▶ TO DO
Omitting all pictures, copy word for word the lines from the line containing "Size: 505x505 |" through the final line of the entries.

Scraped caption text data

=======

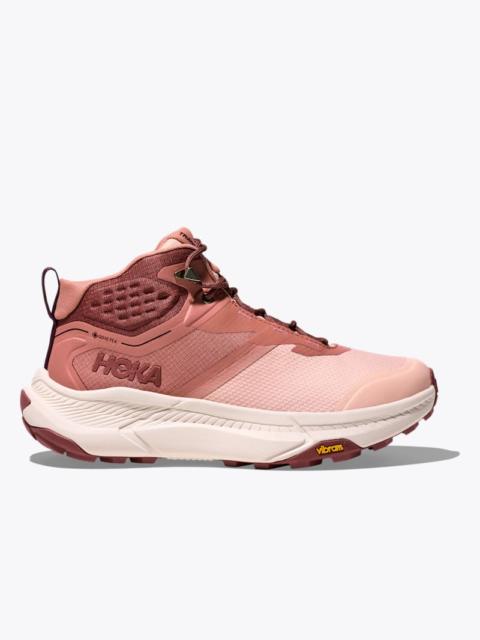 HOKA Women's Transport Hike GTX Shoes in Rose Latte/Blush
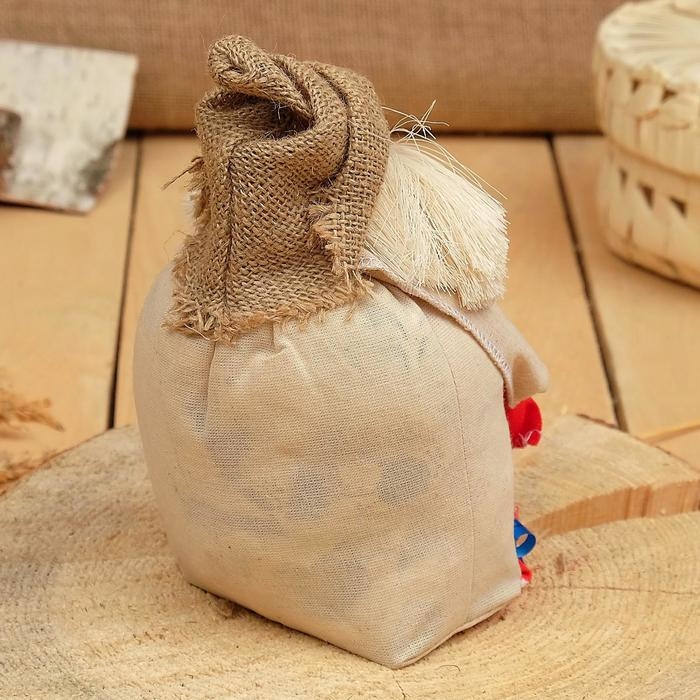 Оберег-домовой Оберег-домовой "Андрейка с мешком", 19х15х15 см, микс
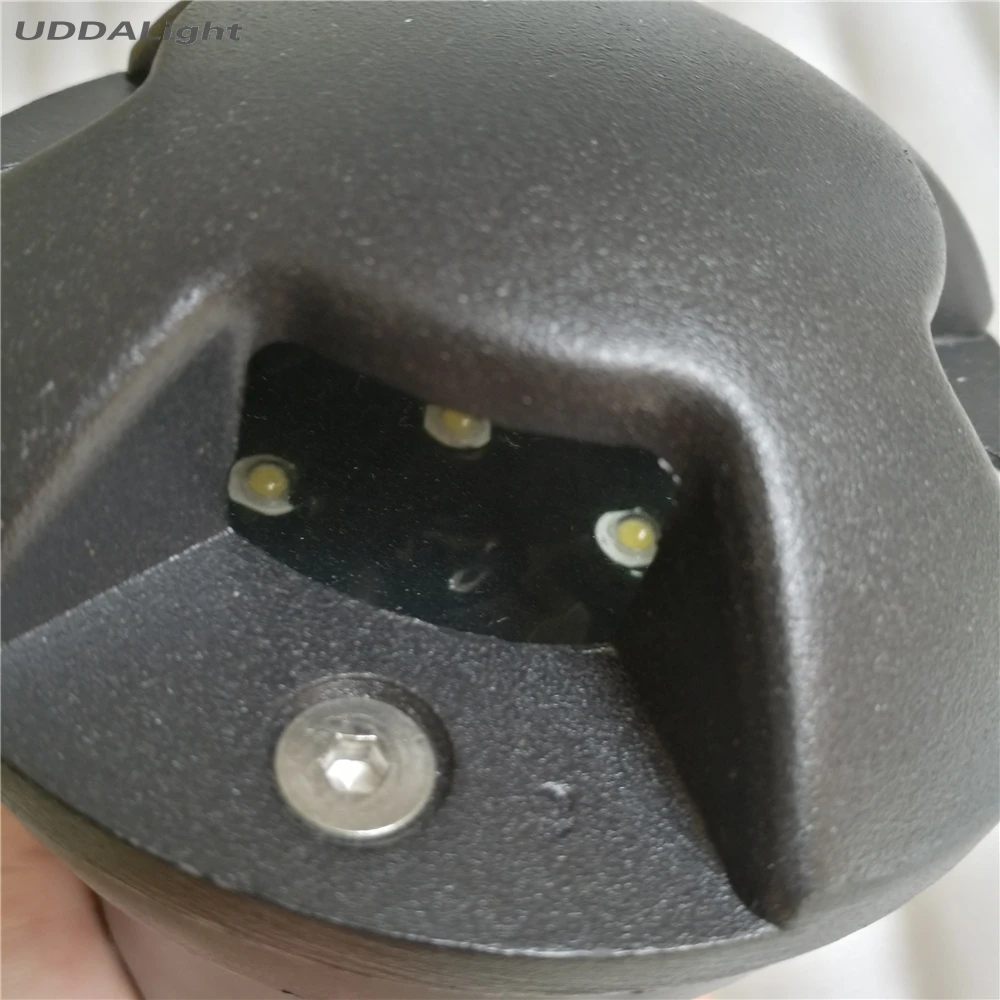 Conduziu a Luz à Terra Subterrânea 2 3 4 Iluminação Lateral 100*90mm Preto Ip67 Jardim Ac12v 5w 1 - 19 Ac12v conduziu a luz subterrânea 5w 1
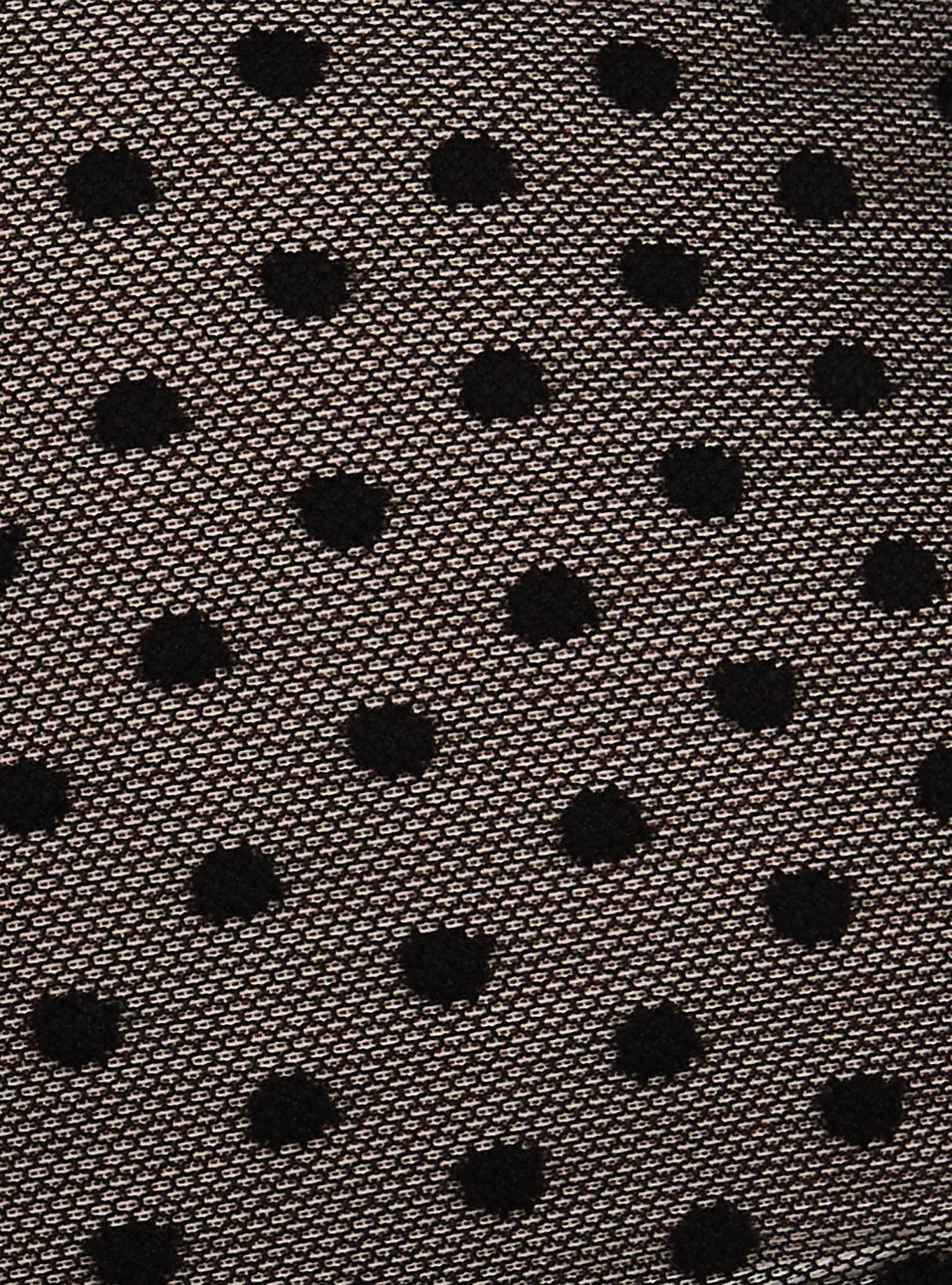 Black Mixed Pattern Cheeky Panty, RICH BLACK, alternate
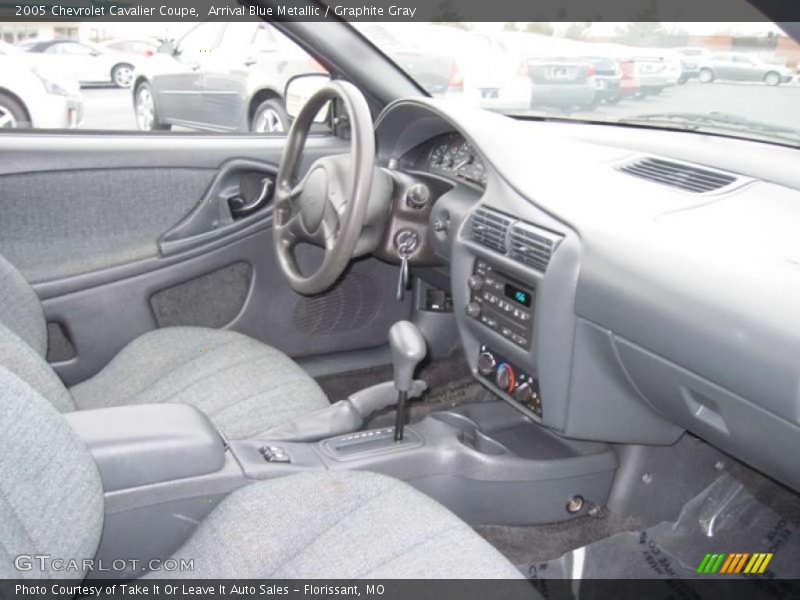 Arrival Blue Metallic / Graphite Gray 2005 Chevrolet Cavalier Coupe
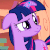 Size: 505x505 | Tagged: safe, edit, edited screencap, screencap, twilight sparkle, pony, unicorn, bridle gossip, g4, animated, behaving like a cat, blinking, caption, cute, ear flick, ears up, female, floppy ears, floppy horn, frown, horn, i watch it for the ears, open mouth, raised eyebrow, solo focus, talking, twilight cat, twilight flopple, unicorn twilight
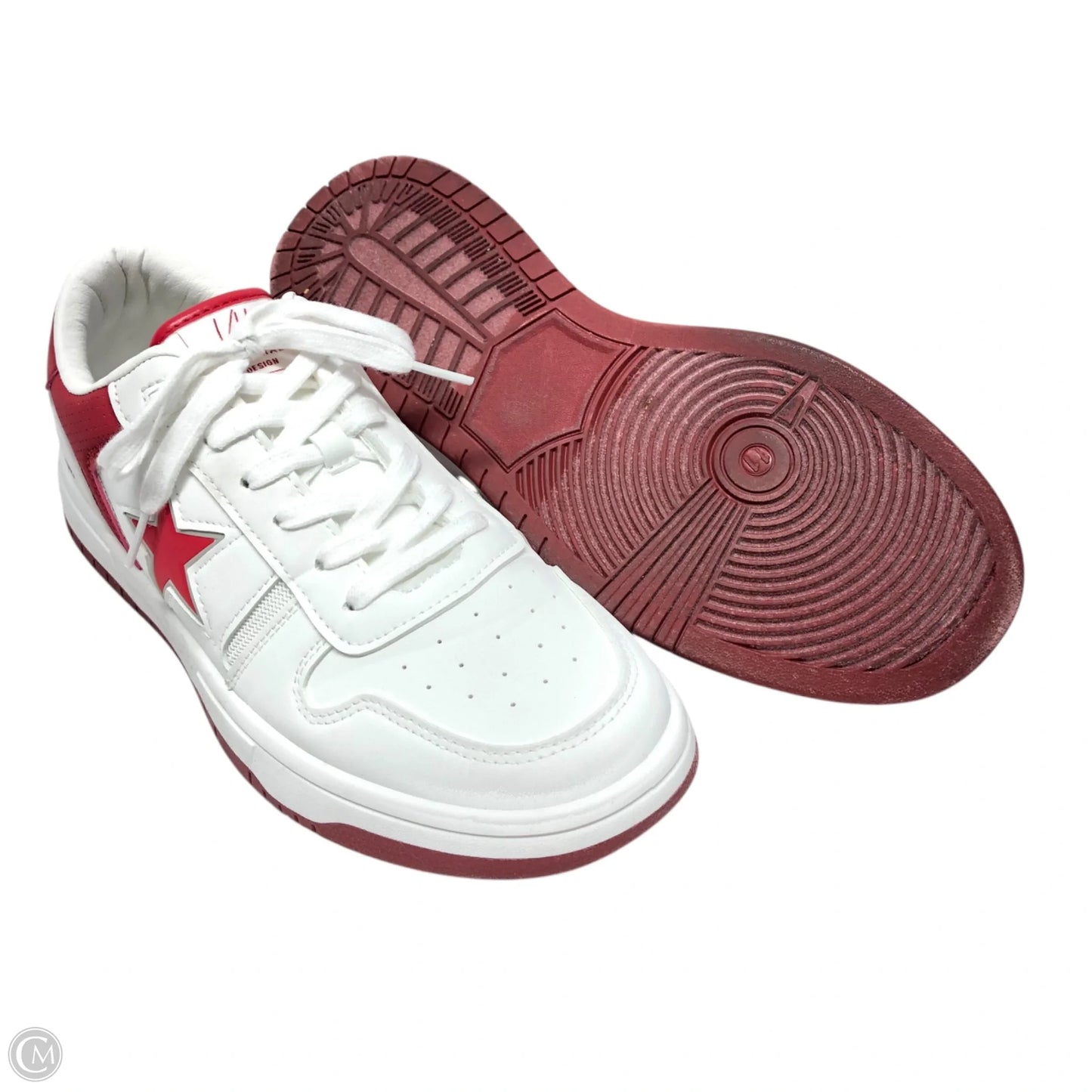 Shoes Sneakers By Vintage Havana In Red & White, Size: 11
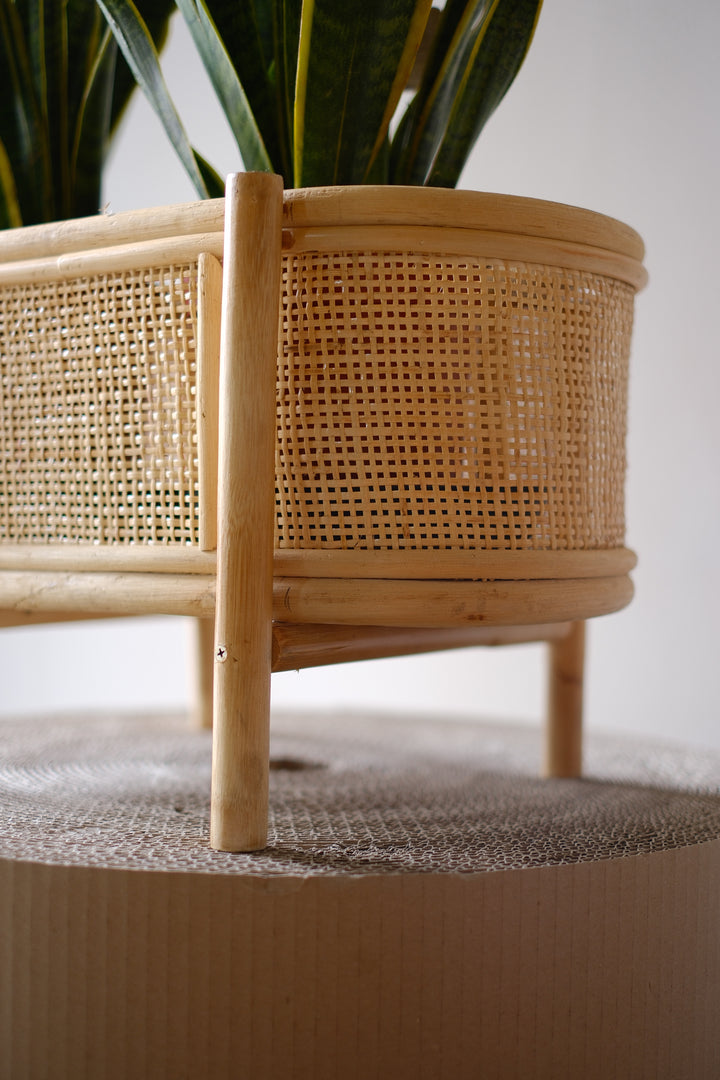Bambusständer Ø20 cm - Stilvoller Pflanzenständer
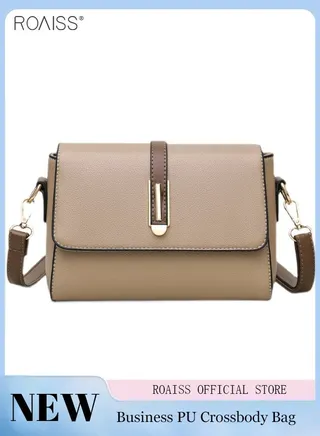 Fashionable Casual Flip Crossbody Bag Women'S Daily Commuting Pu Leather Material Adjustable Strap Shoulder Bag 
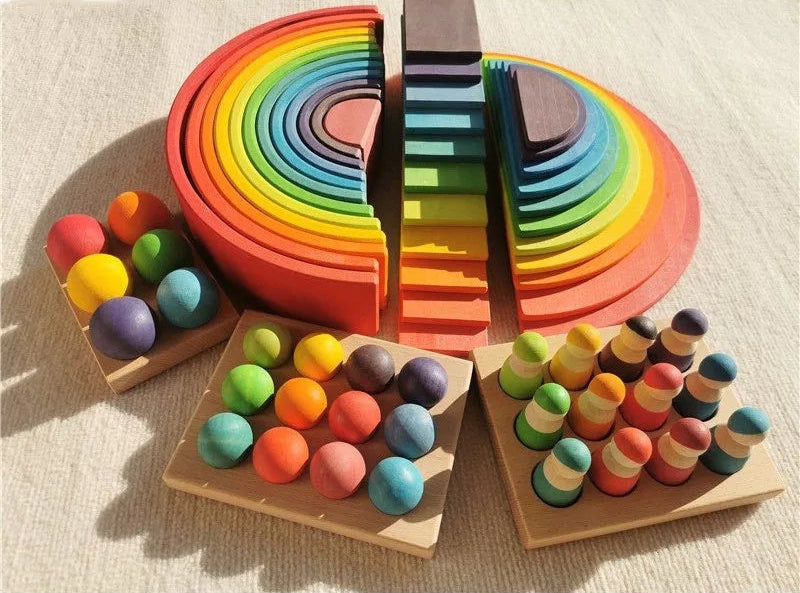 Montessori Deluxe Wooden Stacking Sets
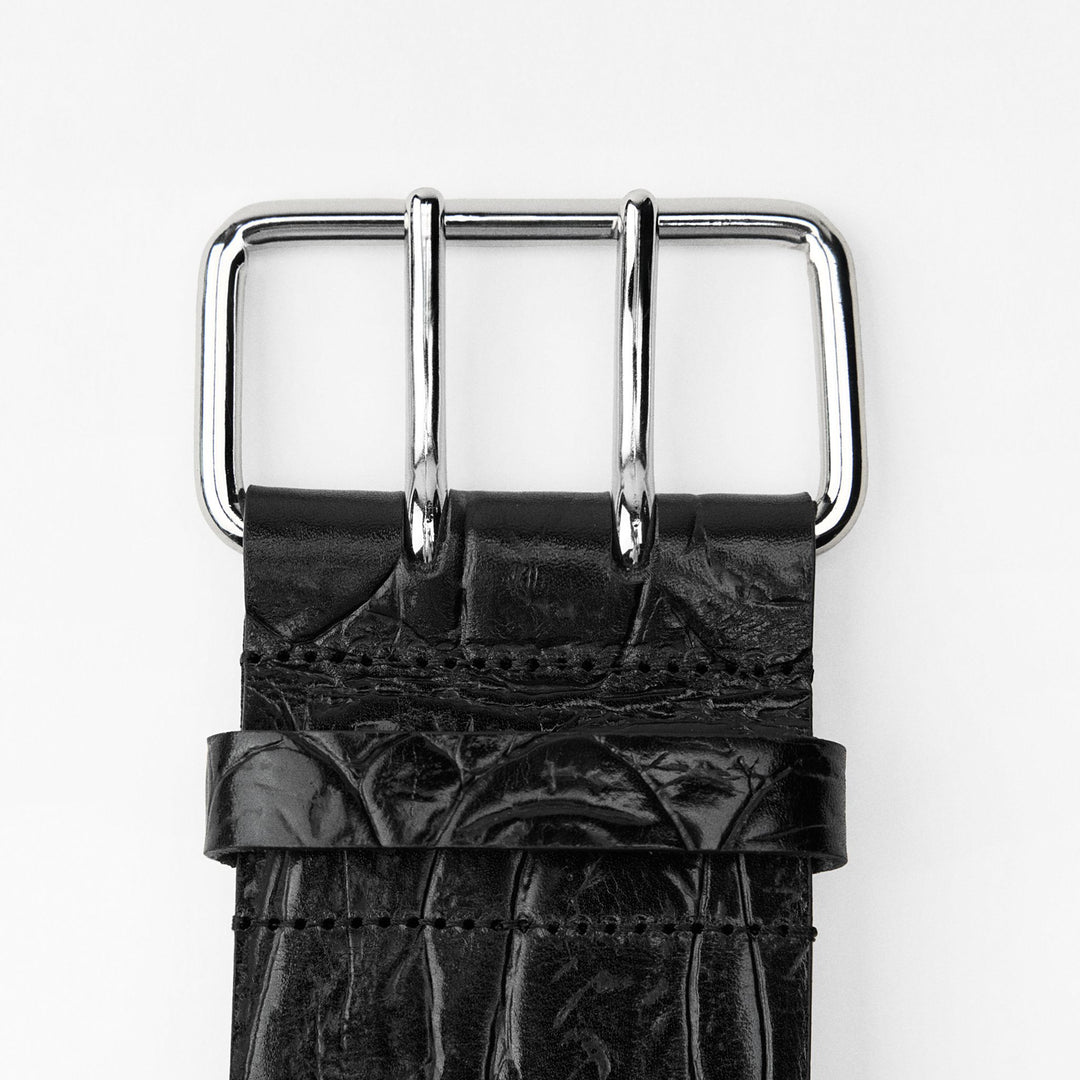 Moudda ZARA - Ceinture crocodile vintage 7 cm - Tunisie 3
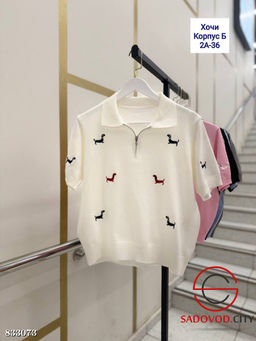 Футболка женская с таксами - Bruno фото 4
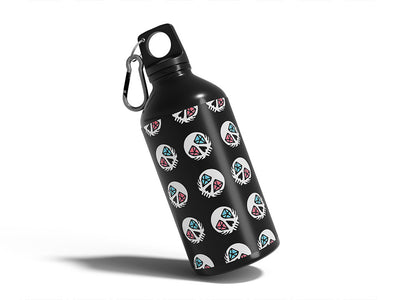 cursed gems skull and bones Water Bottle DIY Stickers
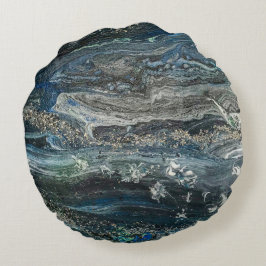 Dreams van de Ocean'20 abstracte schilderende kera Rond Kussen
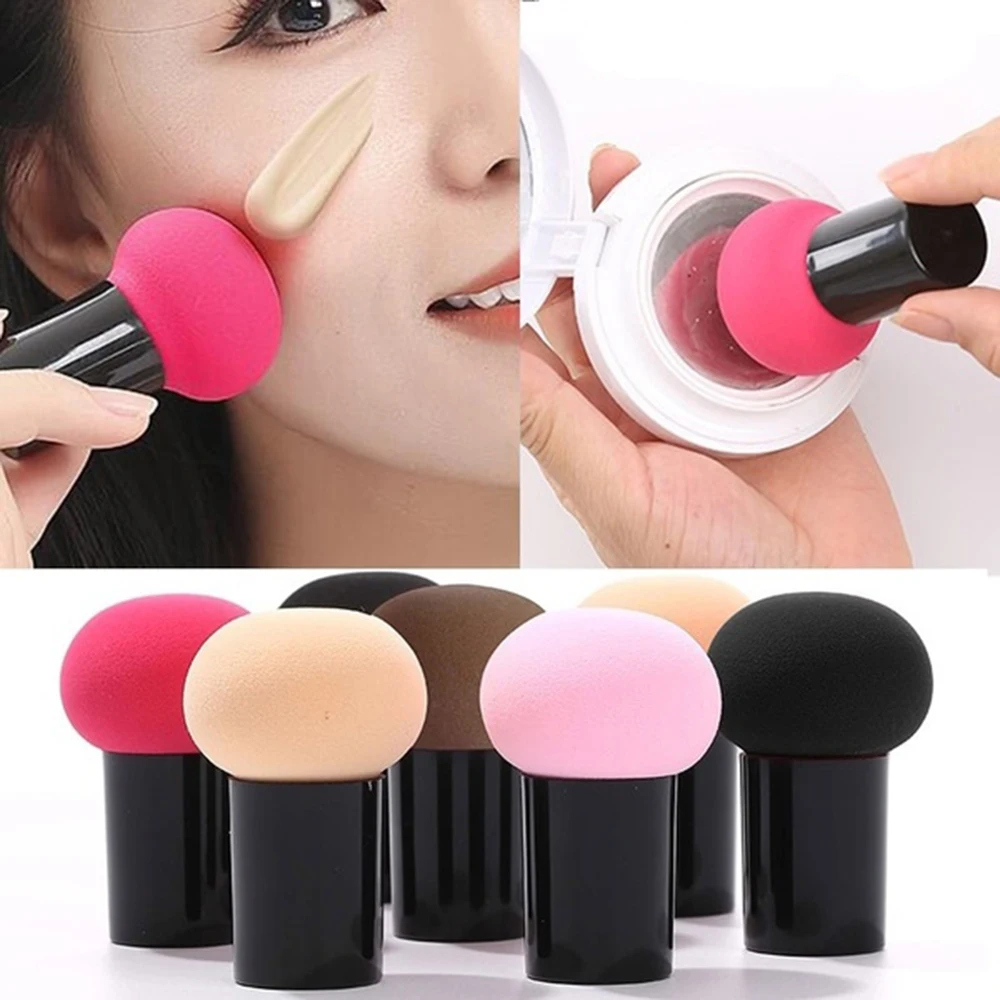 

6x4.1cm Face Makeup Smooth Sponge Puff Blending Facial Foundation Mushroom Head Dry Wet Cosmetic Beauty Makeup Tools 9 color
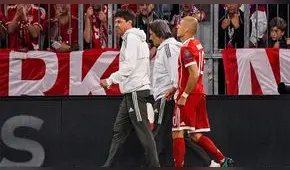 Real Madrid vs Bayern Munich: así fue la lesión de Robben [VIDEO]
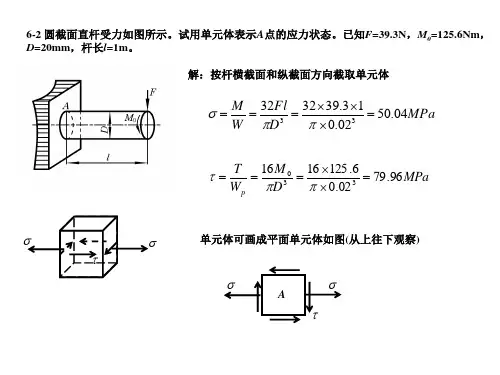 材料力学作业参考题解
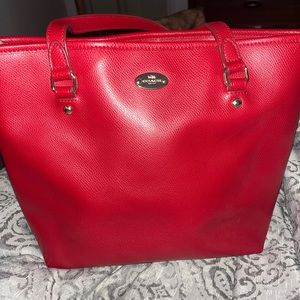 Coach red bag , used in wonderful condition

=======

▶ RESULT BELOW
 Size: 505x505 | Tagged: safe, edit, edited screencap, screencap, twilight sparkle, pony, unicorn, bridle gossip, g4, animated, behaving like a cat, blinking, caption, cute, ear flick, ears up, female, floppy ears, floppy horn, frown, horn, i watch it for the ears, open mouth, raised eyebrow, solo focus, talking, twilight cat, twilight flopple, unicorn twilight
 Shoes Sneakers By Vintage Havana In Red & White, Size: 11
Bambusständer Ø20 cm - Stilvoller Pflanzenständer
 Fashionable Casual Flip Crossbody Bag Women'S Daily Commuting Pu Leather Material Adjustable Strap Shoulder Bag 
 Montessori Deluxe Wooden Stacking Sets
 Moudda ZARA - Ceinture crocodile vintage 7 cm - Tunisie 3
 Футболка женская с таксами - Bruno фото 4
 cursed gems skull and bones Water Bottle DIY Stickers
 Dreams van de Ocean'20 abstracte schilderende kera Rond Kussen

6x4.1cm Face Makeup Smooth Sponge Puff Blending Facial Foundation Mushroom Head Dry Wet Cosmetic Beauty Makeup Tools 9 color
 Real Madrid vs Bayern Munich: así fue la lesión de Robben [VIDEO]
 材料力学作业参考题解
 Coach red bag , used in wonderful condition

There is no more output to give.